Изменяя с летами и с событиями свои взгляды и убеждения, никогда не бесполезно отойти и поглядеть, с кем мы продолжаем сидеть, — не бесполезно вспомнить тех,
Кто истину искал,
И тех, кто побежденный пал
В толпе бессмысленной, холодной,
Как жертва мысли благородной.
Смех и горе
Глава первая
Свежий мартовский ветер гулко шумел деревьями большого Таврического сада в Петербурге и быстро гнал по погожему небу ярко-красные облака. На дворе было около восьми часов вечера; сумерки с каждой минутой надвигались все гуще и гуще, и в небольшой гостиной опрятного домика, выходившего окнами к одной из оранжерей опустелого Таврического дворца * , ярко засветилась белая фарфоровая лампа, разливавшая тихий и ровный свет по уютному покою. Это было в одном дружеском семействе, куда я, дядя мой Орест Маркович Ватажков и еще двое наших общих знакомых только что вернулись с вербного базара, что стоит о Лазаревой субботе * у Гостиного двора. Мы все пришли сюда прямо с этого базара и разговорились о значении праздничных сюрпризов.
Семейный дом, в котором мы собрались, был из числа тех домов, где не спешат отставать от заветных обычаев. Здесь известные праздничные дни отличаются от простых дней года всеми мелочами, какими отличались эти дни у отцов и дедов.

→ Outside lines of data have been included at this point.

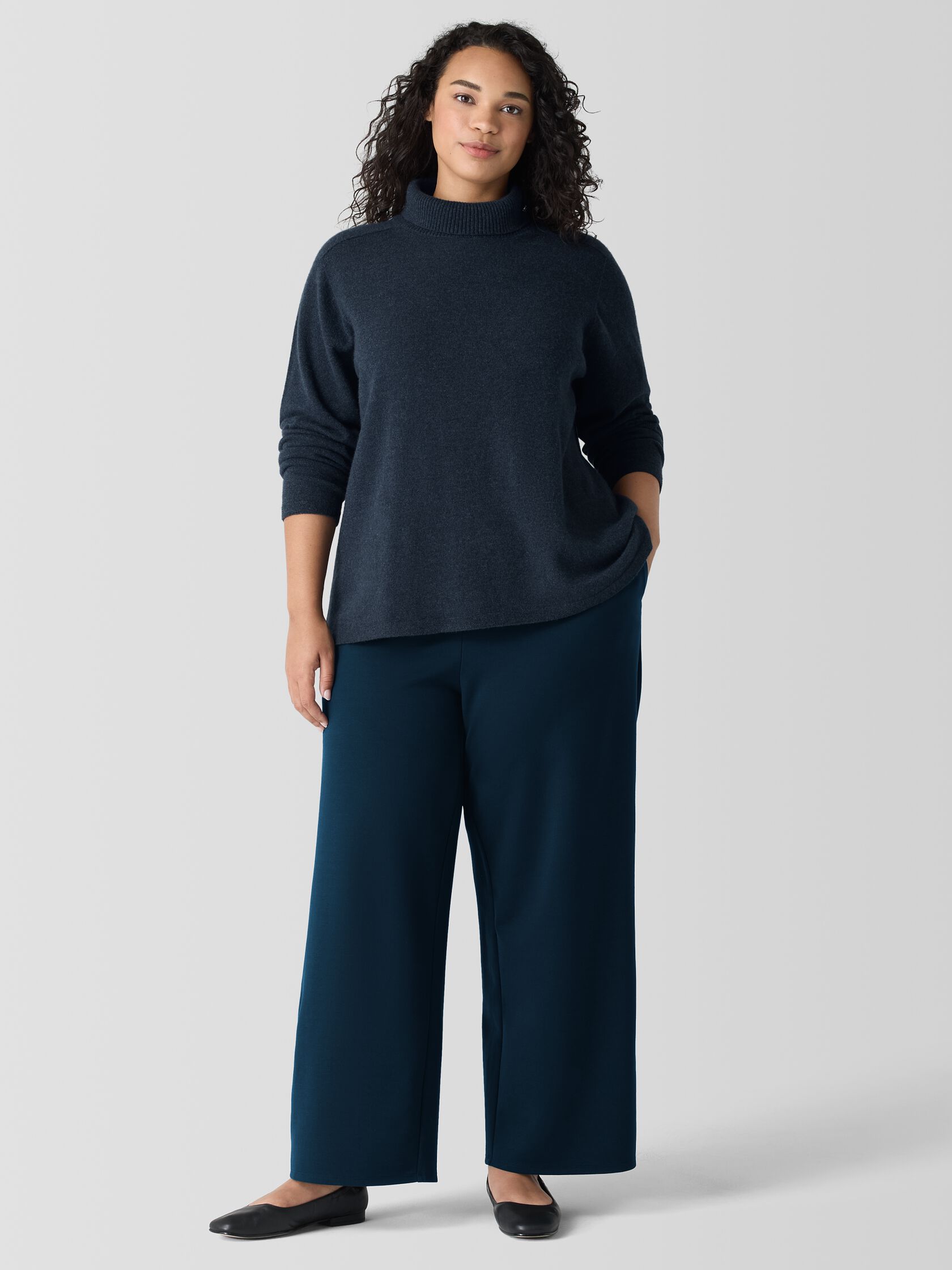 Italian Cashmere Turtleneck Top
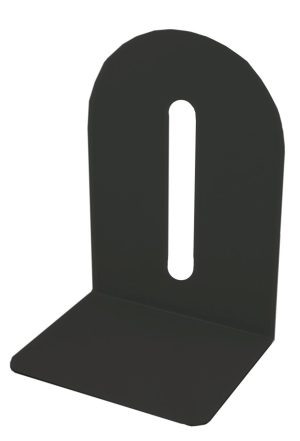 BOGSTØTTE METAL 110X140X200 MM SORT SÆT/2 STK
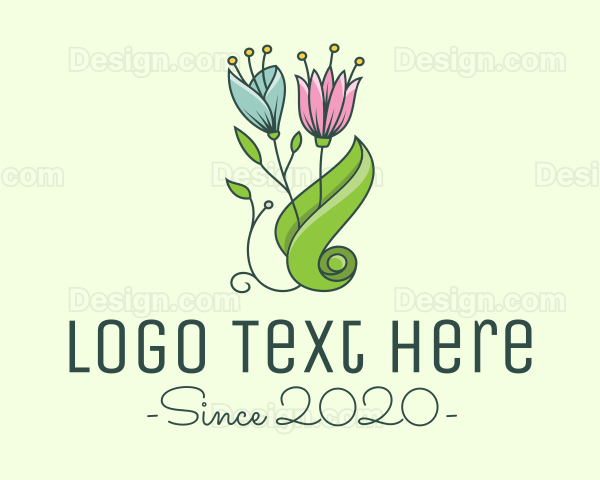 Garden Eco Flowers Logo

Тут непременно поздний обед при звезде накануне рождества; кутья по Предтече в крещенский сочельник; жаворонки детям 9 марта, а в воскресенье пред страстной неделей вербные подарки. Последние обыкновенно состояли из разных игрушек и сюрпризов, которые накануне с вечера закупались на вербном базаре у Гостиного двора и рано утром подвешивались на лентах под пологами детских кроваток. Каждый подарок украшался веткою вербы и крылатым херувимом… Дети были уверены, что вербные подарки им приносит сам этот вербный херувим или, как они его называли, «вербный купидон».
Об этих подарках и зашла теперь речь: все находили, что подарки — прекрасный обычай, который оставляет в детских умах самые теплые и поэтические воспоминания; но дядя мой, Орест Маркович Ватажков, человек необыкновенно выдержанный и благовоспитанный, вдруг горячо запротиворечил и стал настаивать, что все сюрпризы вредны и не должны иметь места при воспитании нигде, а тем паче в России.
— Потому, — продолжал дядя, — что здесь и без того что ни шаг, то сюрприз, и притом самый скверный; так зачем же вводить детей в заблуждение и приучать их ждать от внезапности чего-нибудь приятного? Я допускаю в виде сюрприза только одно — сечь ребенка.